I'm sure you all saw the drama unfold last night so let's press on with the quarter-finals, every one of which has the potential to be a classic...
GRAEME DOTT V JUDD TRUMP
Dott once again demonstrated his fearlessness under pressure in putting away Ali Carter while Trump played his entertaining attacking game to great effect against Martin Gould.
Trump has the advantage of being young and therefore having no Crucible war wounds, no mental scars that will cause doubts to creep in.
He is enjoying himself - palpably - and will doubtless continue in the same vein today.
But Dott is a Crucible form horse; a former champion whose game suits these long matches where psychology can be just as important as form.
That experience may well prove to be the vital ingredient over their three sessions.
MARK SELBY V DING JUNHUI
"If you keep playing like that you'll win it," said Stephen Hendry to Mark Selby after he was beaten 13-4 by the Leicester Jester.
Selby certainly played superbly, scoring heavily and making the most of virtually every chance. His advantage over Ding is that the Chinese expended considerable mental energy last night in fighting back against Stuart Bingham.
But Ding has cleared a little Crucible hurdle by reaching the quarter-finals for the first time in his career and, while he may not relax as such, he has at least proved he can handle the pressure in Sheffield.
Selby has not won a major title this season but is clearly cueing beautifully. The real key to this match will be how Ding responds to his late night drama. He needs to punish any Selby mistakes.
MARK WILLIAMS V MARK ALLEN
It seems an age since these two won their respective second round matches. Williams has coasted through so far while Allen has had to survive two deciders.

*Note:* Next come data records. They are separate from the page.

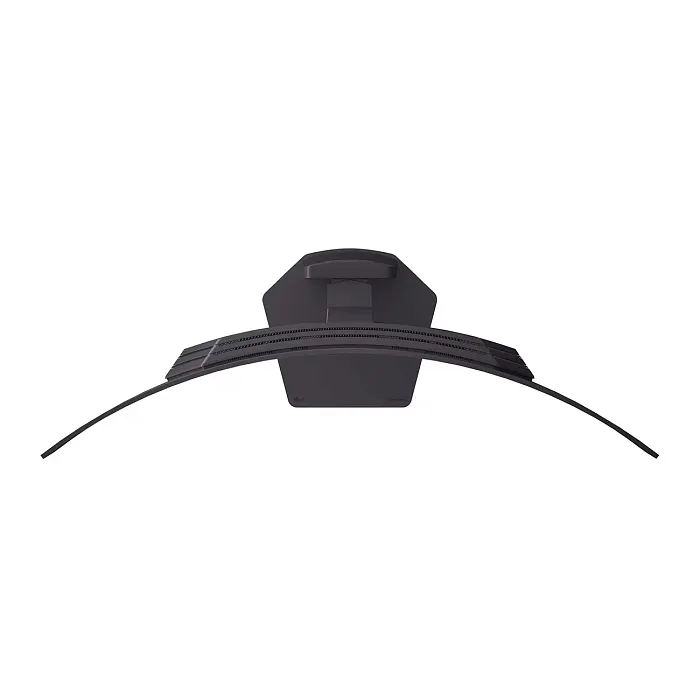 3.5K монитор LG UltraGear 45GX900A-B - фото 6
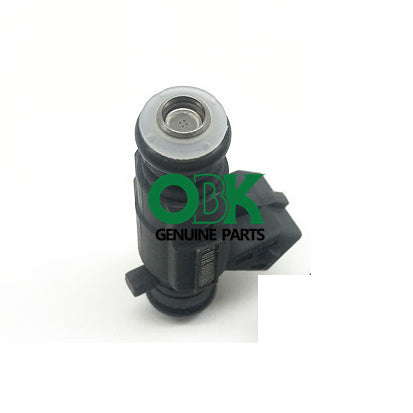 Fuel injector F01R00M022 For Mazda,BYD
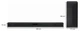Саундбар LG SN4 Black - изображение 4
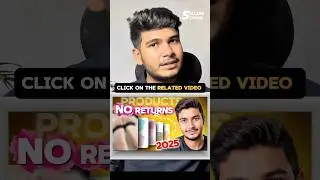 High Selling Non-Returnable Products for Ecommerce | IndiaMART to Amazon Business Ideas 2025🤑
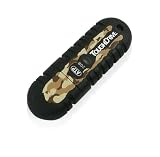 ATP AF2GUFT1BK-SE Camo 2GB ToughDrive (Black)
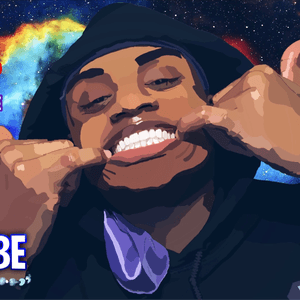 babygamble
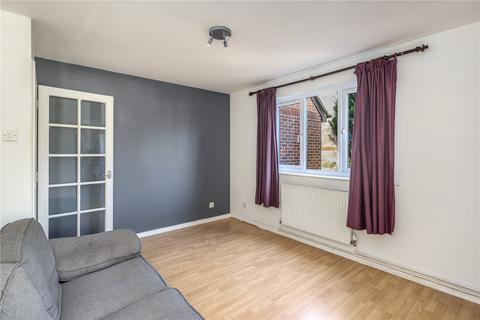 1 bedroom flat for sale - Bridge Meadows, New Cross, London, SE14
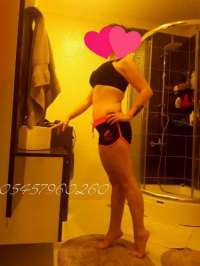 Özgür ve Tutkulu: Mersin Yenişehir Escort Kız Ebru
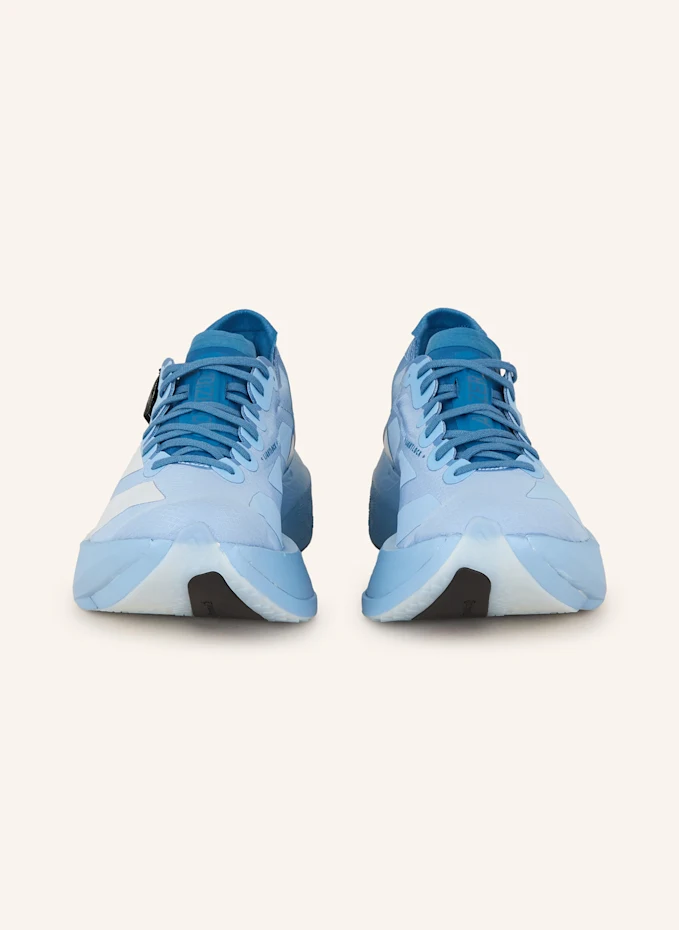 Y-3 Y-3 Laufschuhe ADIOS PRO 4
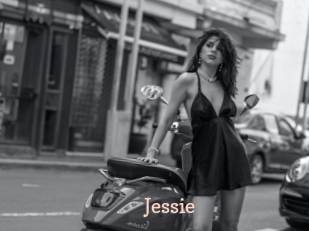 Jessie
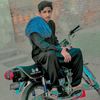 gulzar0070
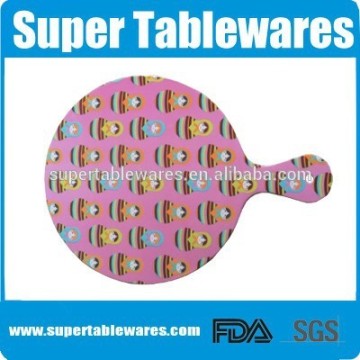 Animal Shape Chopping Cutting Board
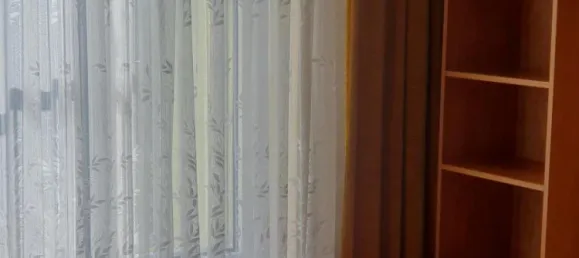 3 rooms Apartment in Hietzing, Austria No. 5505 8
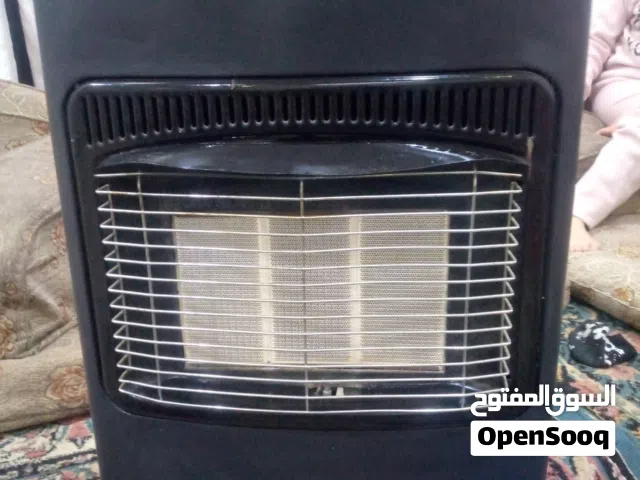صوبة غاز للبيع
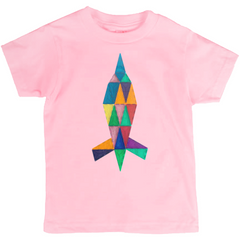 T-Shirts (Youth Sizes)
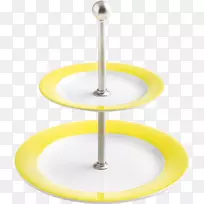 产品设计餐具-空若网 产品设计餐具-空若网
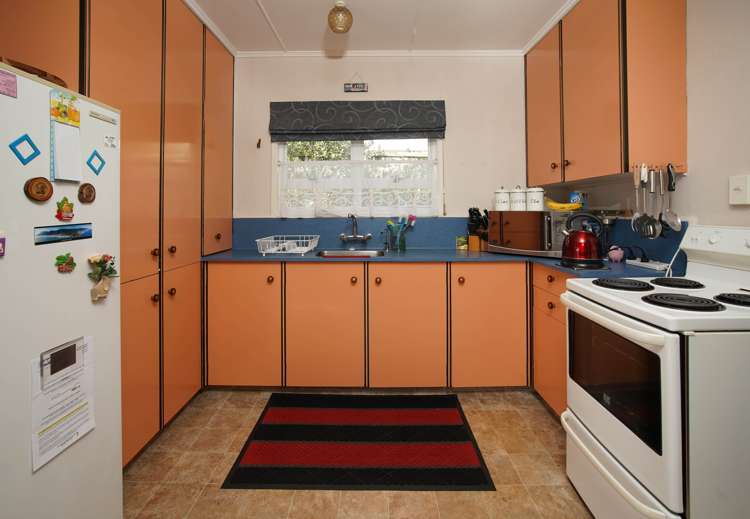 27 Dickens Street Stoke_5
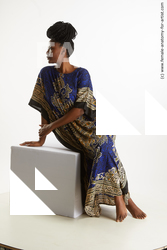 sitting reference dina moses 01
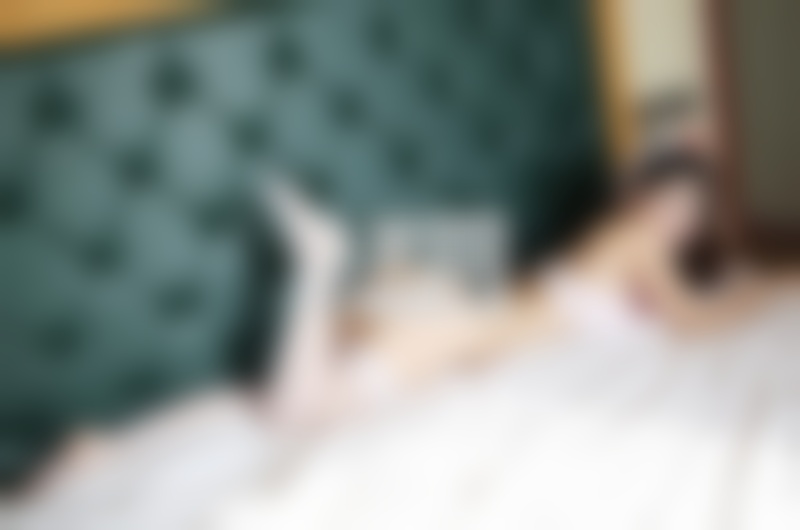 因为未婚先孕 男朋友反悔房子加我名字该怎么办？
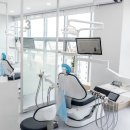 안심플란트치과의원 이미지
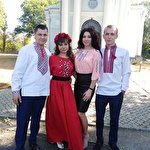 Ирина Красота #6742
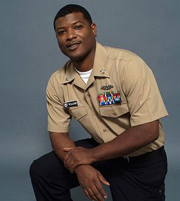 Đồng phục bảo vệ 27, dong phuc bao ve 27 | Đồng phục bảo vệ 04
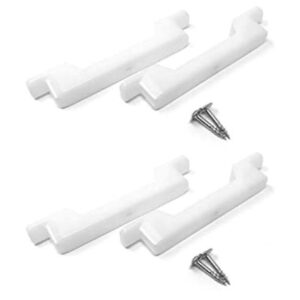 delanteros gabinetes de 412 pulgadas clips falsos_1
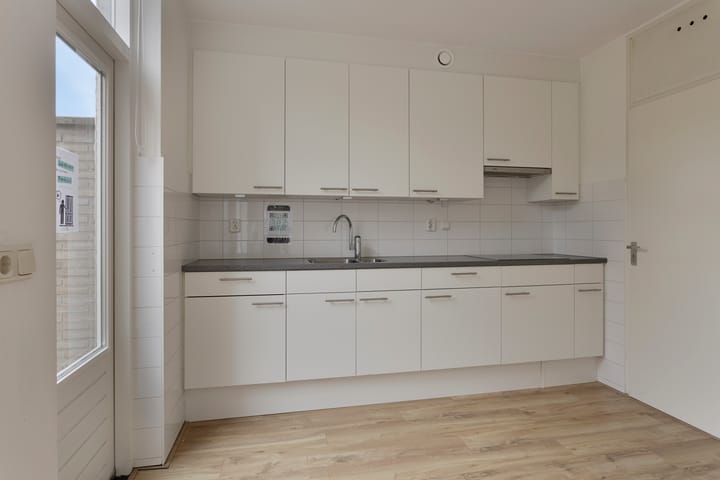 Foto 12 van Vrusschemigerweg 175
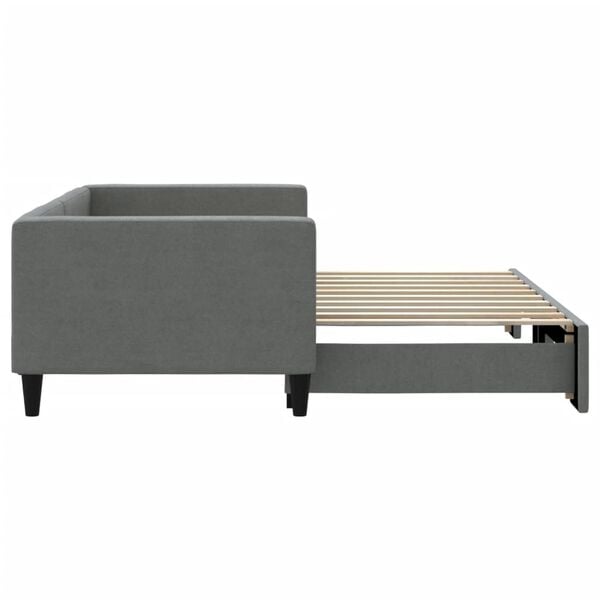 Viser 4 av 11 produktbilde(r)
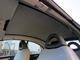 Citroen C3 (cab) Pluriel 1.4 (UXB268) -04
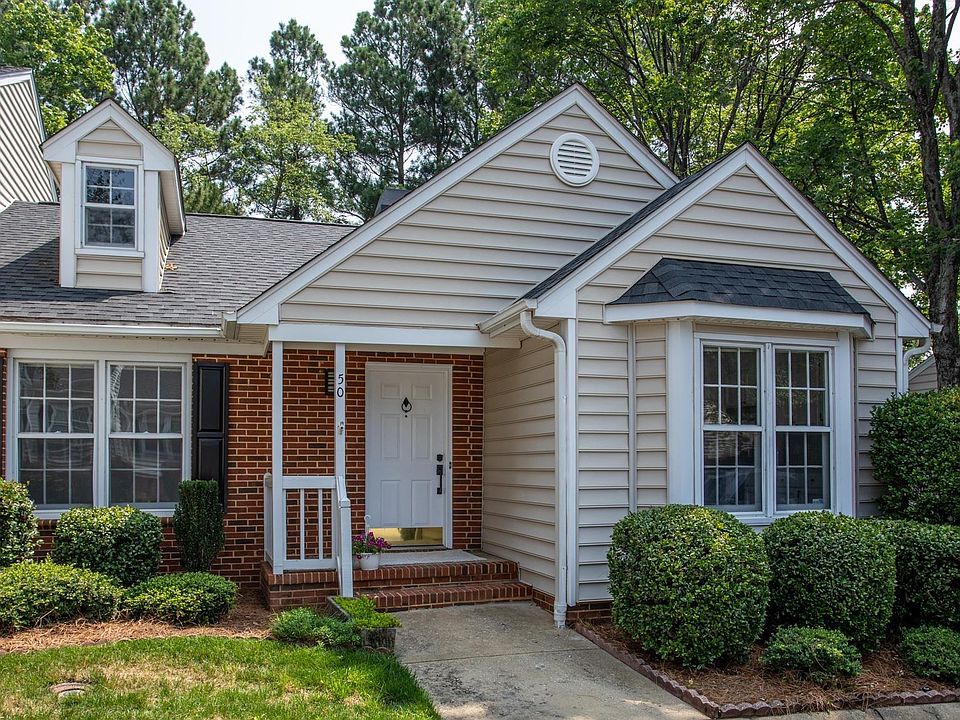 1st image of 40 Wood Pointe Dr Unit 50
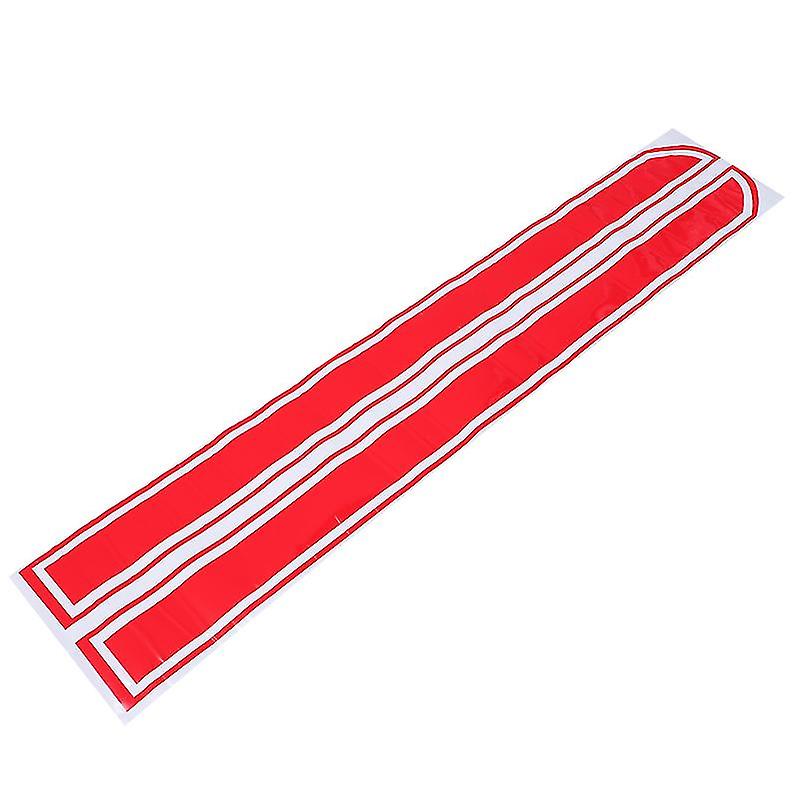 1pcs Removable Sticker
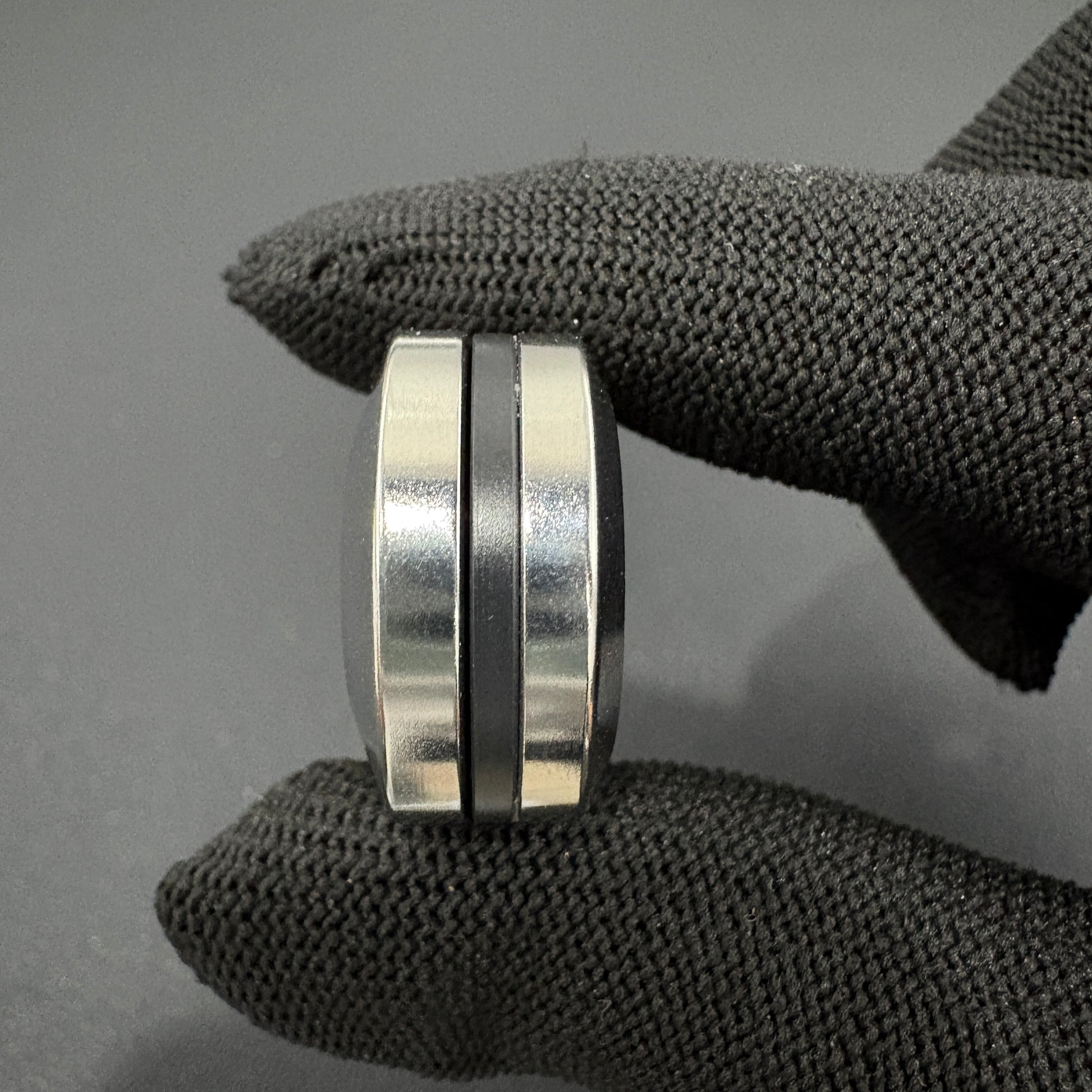 Coco Candy Titanium PEEK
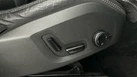 2020-volvo-xc60-20-b5-inscription-awd-small-31
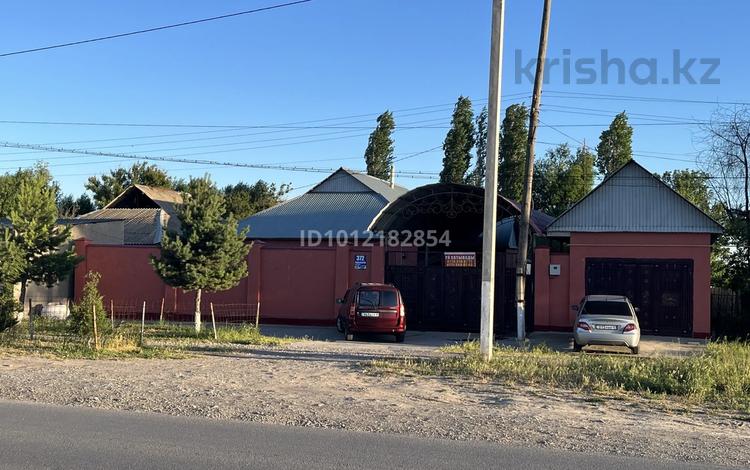 Жеке үй · 5 бөлме · 160 м² · 14 жүзд., Қажымұқан 372, бағасы: 30 млн ₸ в  — фото 2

Williams remains a joy to watch when in full flow. He makes the game look ridiculously easy, as if it's no effort, but of course the effort has been put in throughout the season and he has played some great stuff all year.
Allen is a fighter but he surely can't afford to go too far behind to Williams. The Northern Irishman needs to play his best stuff from the start, try and treat each session as a separate match. His intensity and will to win are among his best assets and he has to use them.
Williams needs to be put under pressure, otherwise he will surely continue his canter towards the final.
JOHN HIGGINS V RONNIE O'SULLIVAN
What is there left to say about these two? They first played at the Crucible 15 years ago, met in the final ten years ago and are still each capable of brilliance.
For Higgins, the second round was a chore. He got weighed down by Rory McLeod but it'll be a different match against O'Sullivan, who stuttered a little before putting away Shaun Murphy.
O'Sullivan's mood in Sheffield has been good and his discipline has been strong. He has treated the game with the respect it deserves and got the reward.
There are few players he respects as much as Higgins and the feeling is mutual. What a match this could be.
In close, O'Sullivan looks as good as ever but his long game isn't quite firing on all cylinders and this may be a factor.
Higgins's all round game is terrific and he clearly has the stomach for the fight but he hasn't yet played the sort of world beating snooker that suggests he is going to steamroller anyone.
Higgins has won their last couple of meetings and, on form this season, should be the slight favourite but when players of this quality clash the formbook goes out of the window. It's the sort of match where you could see them both raising their games.